The enclosed program wlcat decodes the .etx file on a World Library CD-ROM
and can be called as a pipe, with a file name, or with three arguments:
file name, start byte, and end byte (relative to the decoded text).

This .etx file contains all of the text, but I don't have any good way
to find a particular article.  I can't find it, but there must be a file
that stores byte offsets relative to the encoded text.  The included
DOS/Windows browsers can far too quickly to be decoding everything.
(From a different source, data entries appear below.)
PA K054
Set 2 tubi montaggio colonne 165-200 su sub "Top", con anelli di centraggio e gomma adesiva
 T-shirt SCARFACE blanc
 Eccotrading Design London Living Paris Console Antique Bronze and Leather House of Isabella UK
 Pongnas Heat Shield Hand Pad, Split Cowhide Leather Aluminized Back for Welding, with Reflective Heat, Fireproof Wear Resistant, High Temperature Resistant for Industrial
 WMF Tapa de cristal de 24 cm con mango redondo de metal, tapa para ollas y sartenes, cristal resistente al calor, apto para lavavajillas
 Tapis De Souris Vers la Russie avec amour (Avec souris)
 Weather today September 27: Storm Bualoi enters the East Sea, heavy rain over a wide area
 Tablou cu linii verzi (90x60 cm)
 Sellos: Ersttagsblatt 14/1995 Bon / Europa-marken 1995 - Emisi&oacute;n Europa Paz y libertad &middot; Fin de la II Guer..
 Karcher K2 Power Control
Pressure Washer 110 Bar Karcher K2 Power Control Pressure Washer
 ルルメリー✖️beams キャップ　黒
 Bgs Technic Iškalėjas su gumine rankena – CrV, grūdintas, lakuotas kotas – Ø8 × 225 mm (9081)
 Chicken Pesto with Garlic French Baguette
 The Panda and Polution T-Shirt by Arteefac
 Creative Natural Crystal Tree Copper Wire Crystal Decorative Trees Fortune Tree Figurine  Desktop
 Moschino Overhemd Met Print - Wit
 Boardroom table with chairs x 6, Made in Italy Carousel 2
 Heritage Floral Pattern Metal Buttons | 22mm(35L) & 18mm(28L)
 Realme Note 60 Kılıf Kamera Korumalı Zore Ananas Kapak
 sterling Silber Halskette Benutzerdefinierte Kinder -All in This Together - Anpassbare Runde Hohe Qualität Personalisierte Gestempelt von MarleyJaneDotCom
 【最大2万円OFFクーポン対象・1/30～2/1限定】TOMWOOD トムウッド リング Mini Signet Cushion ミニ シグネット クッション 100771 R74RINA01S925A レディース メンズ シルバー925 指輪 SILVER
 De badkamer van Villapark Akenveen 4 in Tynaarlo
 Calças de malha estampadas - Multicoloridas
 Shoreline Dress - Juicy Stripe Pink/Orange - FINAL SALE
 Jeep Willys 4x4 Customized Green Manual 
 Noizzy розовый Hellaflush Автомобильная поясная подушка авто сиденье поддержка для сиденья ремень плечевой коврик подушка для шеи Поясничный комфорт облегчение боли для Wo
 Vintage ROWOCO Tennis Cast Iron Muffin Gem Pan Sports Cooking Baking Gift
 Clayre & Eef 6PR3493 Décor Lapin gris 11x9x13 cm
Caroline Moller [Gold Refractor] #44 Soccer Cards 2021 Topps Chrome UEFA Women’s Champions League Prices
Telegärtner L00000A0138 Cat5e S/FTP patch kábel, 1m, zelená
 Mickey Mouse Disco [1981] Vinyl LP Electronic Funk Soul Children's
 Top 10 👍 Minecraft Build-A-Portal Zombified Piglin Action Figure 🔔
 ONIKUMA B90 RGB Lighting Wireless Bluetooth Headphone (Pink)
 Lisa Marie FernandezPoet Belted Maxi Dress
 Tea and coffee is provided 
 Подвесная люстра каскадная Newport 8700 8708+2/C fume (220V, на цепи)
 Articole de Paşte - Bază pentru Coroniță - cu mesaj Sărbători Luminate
If you have a fast CD-ROM and don't mind using really gross code,
try this:

    #!/bin/sh
    cut -c5-79 $1.ftf | awk '{if(NR<10) printf(" "); print NR" "$0}' |less
    echo -n "Article Number = "
    read REPLY
    TEMP=/tmp/wl-$$
    echo -n ./wlcat $1.etx " " > $TEMP
    echo -n `awk '{if(NR=='$REPLY') print $1}' <$1.lim` " " >> $TEMP
    echo `awk '{if(NR=='$REPLY'+1) print $1}' <$1.lim` >> $TEMP
    sh $TEMP |less
    rm $TEMP

The enccat program can decode some auxillary files as described in the
list below.


FILES

These are the files in the data directory of a World Library CD.
This data is based on the Electronic Home Library disc, but is similar
for the other discs I've seen (change the first part of the filename,
of course).

    [?] = unknown format, 
    [A] = etx format, 
    [B] = enc format, 
    [P] = plaintext.

ehl.abb -- [?] 
ehl.aut -- [P] List of authors, 
               author number is line in this file, starting with 0.
ehl.dic -- [P] List of words appearing in the text?
ehl.enx -- [B] Index to illustrations
               first column = article number,
               second = long name of picture,
               third = filename of picture,
               fourth = a number (what does it mean?)
ehl.esm -- [B] Bios & descriptions of articles.
ehl.etx -- [A] Encoded text of all articles.
ehl.fst -- [?] authors, then titles, then gibberish
ehl.fta -- [P] numbers?
ehl.ftf -- [P] first column is author number from ehl.aut, second = title
ehl.ftl -- [P] first column = some number, second = title
ehl.ftt -- [P] numbers?
ehl.id  -- [P] Type, date, and place of articles.
               1st column is always "$", 2 == era, 3 == age, 4 == year, 
               5 == century, 6 == continent, 7 == country, 8/9 == type.
			   (entries are abbreviations -- see version.enc for full values)
ehl.ita -- [P] numbers?
ehl.itt -- [P] numbers?
ehl.ixb -- [?]
ehl.lad -- [?] 
ehl.lb  -- [?] 
ehl.lim -- [P] first column is byte offset to the article in the decoded text.
ehl.msk -- [?] (16 groups of mask bits?)
ehl.sb  -- [?] (5700 screen bytes?)
ehl.scr -- [?] offsets?
ehl.swm -- [?] 
ehl.tbb -- [?]
ehl.tl  -- [P] list of texts by original file name
ehl.wfs -- [?] authors, titles, then gibberish

ehlsn.dic -- [P] stop words for searches
ehlsp.dic -- [P] stop words for searches
ehlsp.ixb -- [?]
ehlsp.tbb -- [?]
ehlss.dic -- [P] stop words for searches, special phrases
ehlss.msk -- [?]
ehlsw.dic -- [P] stop words for searches

exittext.enc -- [B] decode with "enccat", exit text
version.enc  -- [B] decode with "enccat", contains info on files/categories
wexittxt.enc -- [B] decode with "enccat", exit text

*.pcx -- illustrations in PCX format.
lfwill/*.wmf -- illustrations in Windows metafile format?